Dans un communiqué, les organisations qui s’étaient jointes à l’affaire rappellent qu’à l’heure actuelle, l’adoption par le parent social est possible dans 11 pays européens (Allemagne – dont la Haute Cour constitutionnelle vient d’ailleurs de rendre un arrêt important en la matière –, Belgique, Danemark, Espagne, Finlande, Islande, Pays-Bas, Norvège, Royaume-Uni, Slovénie, Suède) et que la France, le Luxembourg et la Suisse envisagent de l’ouvrir également. «De plus, souligne le communiqué, il découle de l’arrêt de la Cour que la législation de l’Autriche, d’Andorre, de certaines provinces de Bosnie Herzégovine, du Liechtenstein, du Portugal et de Roumanie devront être modifiées pour permettre l’adoption par le parent social dans une famille homoparentale puisque ces pays l’autorisent aux couples hétérosexuels non mariés.»
 
«JOUR IMPORTANT»
«C’est un jour important pour les familles LGBT européennes, a déclaré Juha Jämsä, vice-président de Nelfa. Nous avons grand espoir que cette affaire conduira à une meilleure reconnaissance des droits de nos enfants dans toute l’Europe. Aucune catégorie d’enfants ne devrait être victime de discrimination en raison de l’orientation sexuelle, de l’identité de genre ou de l’expression de genre de ses parents.»
 
«C’est un pas supplémentaires que franchit la Cour sur le chemin qu’elle bâtit depuis 1982 pour que les lesbiennes et les gays et leurs enfants cessent d’être discriminés à cause de leur orientation sexuelle, commente pour sa part l’avocate Caroline Mécary, qui a défendu la famille Gas-Dubois. Cet arrêt, qui s’impose à l’Autriche et à tous les pays qui ont une législation similaire, est un indicateur de poids pour la France. Il constitue un atout supplémentaire pour le parlement et les partisans de l’égalité de traitement des citoyens y compris les enfants, dans le débat sur l’ouverture du mariage civil et de l’adoption aux couples de personnes de même sexe qui doit se poursuivre au Sénat à partir du 2 avril 2013.»
 
PRUDENCE
Néanmoins, comme toujours, la Cour européenne des droits de l’Homme fait preuve d’une grande prudence, tentant de limiter la lecture qui pourrait être faite de sa jurisprudence:
 
«Bien que la présente affaire puisse être considérée dans le cadre de la problématique plus large des droits parentaux des couples homosexuels, la Cour n’est pas appelée à se prononcer sur la question de l’adoption coparentale par des couples homosexuels en elle-même, et encore moins sur celle de l’adoption par des couples homosexuels en général, écrivent ainsi les juges.

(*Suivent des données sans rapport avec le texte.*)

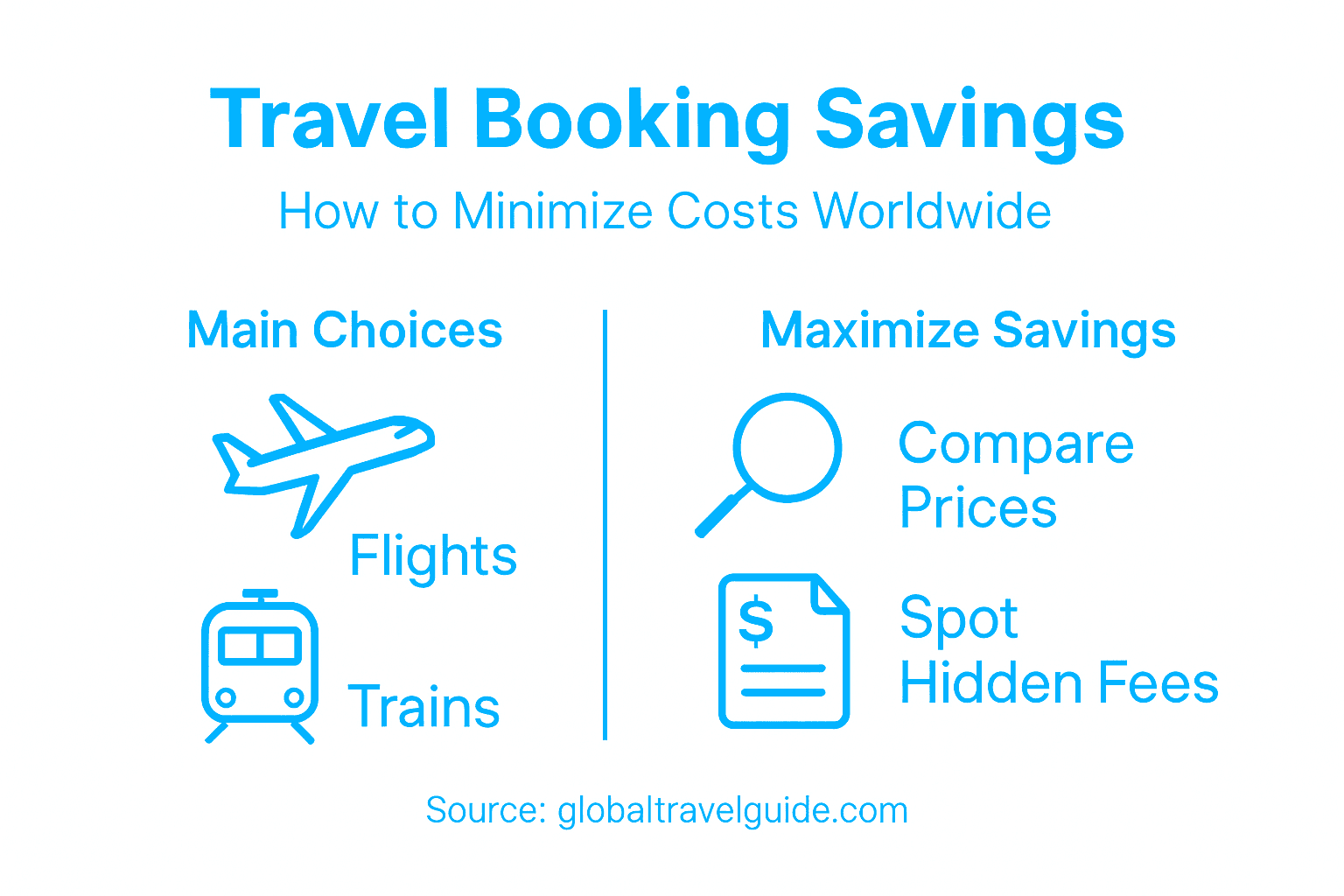 Infographic highlighting travel cost-saving methods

Il s’agit pour elle de statuer sur un problème étroitement défini, celui de savoir si les requérants en l’espèce ont ou non été victimes d’une discrimination entre les couples hétérosexuels non mariés et les couples homosexuels en matière d’adoption coparentale.»
 
Affligée de la lourde tâche de concilier les mentalités dans les 47 pays du Conseil de l’Europe, la CEDH avance à très petits pas. Mais elle avance.